Suppose $f$ is $2\pi$-peridic and integrable on any finite interval.
Prove that if $a,b \in \mathbb{R}$, then $$ \int_{a}^{b} f(x)\ dx=\int_{a+2\pi}^{b+2\pi} f(x)\ dx =\int_{a-2\pi}^{b-2\pi}f(x)\ dx . $$ Also prove that $$\int_{-\pi}^{\pi} f(x+a)\ dx=\int_{-\pi}^{\pi} f(x)\ dx =\int_{-\pi +a}^{\pi+a}f(x)\ dx . $$
On
The prove of the first line:$\\$ Since, $d(x+ 2\pi) = dx$ and since $f(x) = f(x+2\pi)$, then if $x = a$ then $x + 2\pi = a + 2\pi$.$\\$ Also if $x = b$ then then $x + 2\pi = b + 2\pi$.Then $$\int_{a}^{b} f(x)dx = \int_{a + 2\pi }^{b +2\pi} f(x + 2\pi)dx = \int_{a + 2\pi }^{b +2\pi} f(x )dx $$ as $f$ is periodic.

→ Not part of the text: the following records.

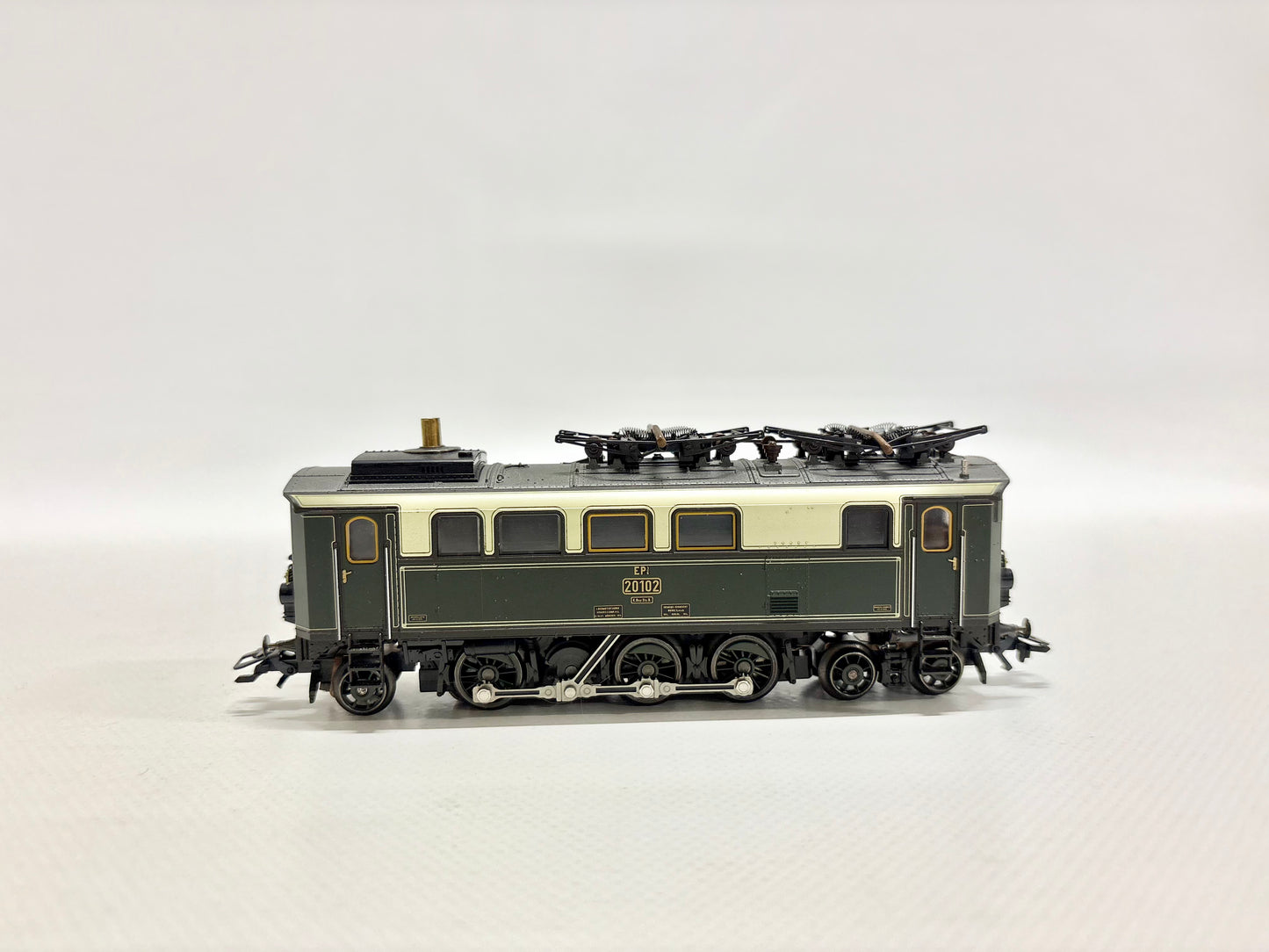 Märklin 37060 Digital EP 3/6 Bayrische E-Lok H0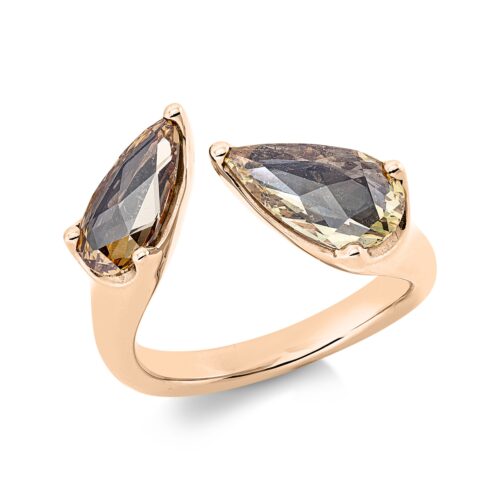 Ring Farbiger Diamant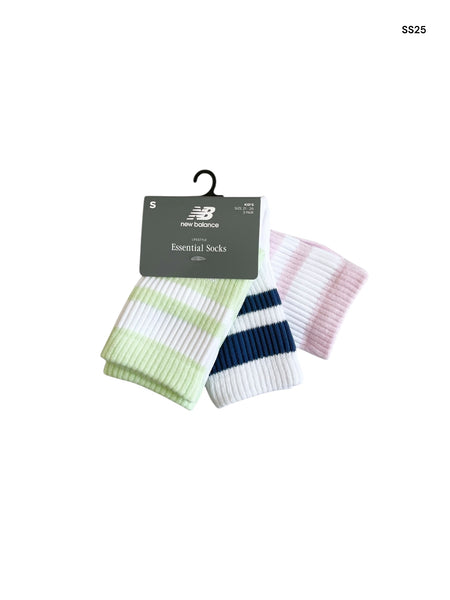 Set 3 paia di calzini multicolor per bambini
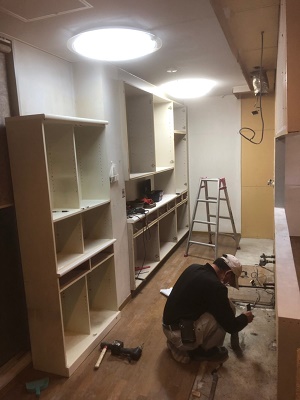 キッチン交換工事 大阪市住吉区　K様邸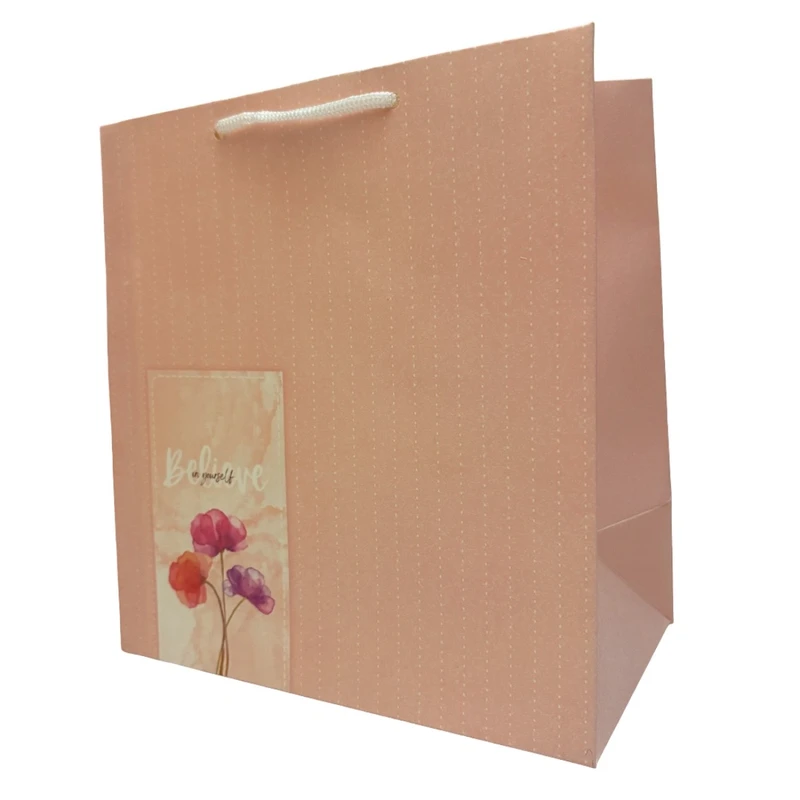 پاکت هدیه مدل فلورا آبرنگی کد ۷۱۱۲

For the first line we use the substitution with $\varphi(x) = x \pm 2\pi$ to obtain $$\int_{a \pm 2\pi}^{b \pm 2\pi} f(x) \mathrm{d}x = \int_{\varphi(a)}^{\varphi(b)} f(x) \mathrm{d}x = \int_{a}^{b} f(x \pm 2 \pi) \mathrm{d}x = \int_{a}^{b} f(x) \mathrm{d}x.$$ For the second line we have using substitution with $\varphi(x) = x + a$ $$\int_{-\pi}^\pi f(x+a) \mathrm{d}x = \int_{-\pi + a}^{\pi + a} f(x) \mathrm{d}x.$$ Splitting up the integral yields $$\int_{-\pi + a}^{\pi + a} f(x) \mathrm{d}x = \int_{-\pi + a}^\pi f(x) \mathrm{d}x + \int_\pi^{\pi + a} f(x) \mathrm{d}x.$$ By the first assertion we have $$\int_{-\pi + a}^\pi f(x) \mathrm{d}x + \int_\pi^{\pi + a} f(x) \mathrm{d}x = \int_{-\pi + a}^\pi f(x) \mathrm{d}x + \int_{-\pi}^{-\pi + a} f(x) \mathrm{d}x = \int_{-\pi}^\pi f(x) \mathrm{d}x.$$ This shows the second line.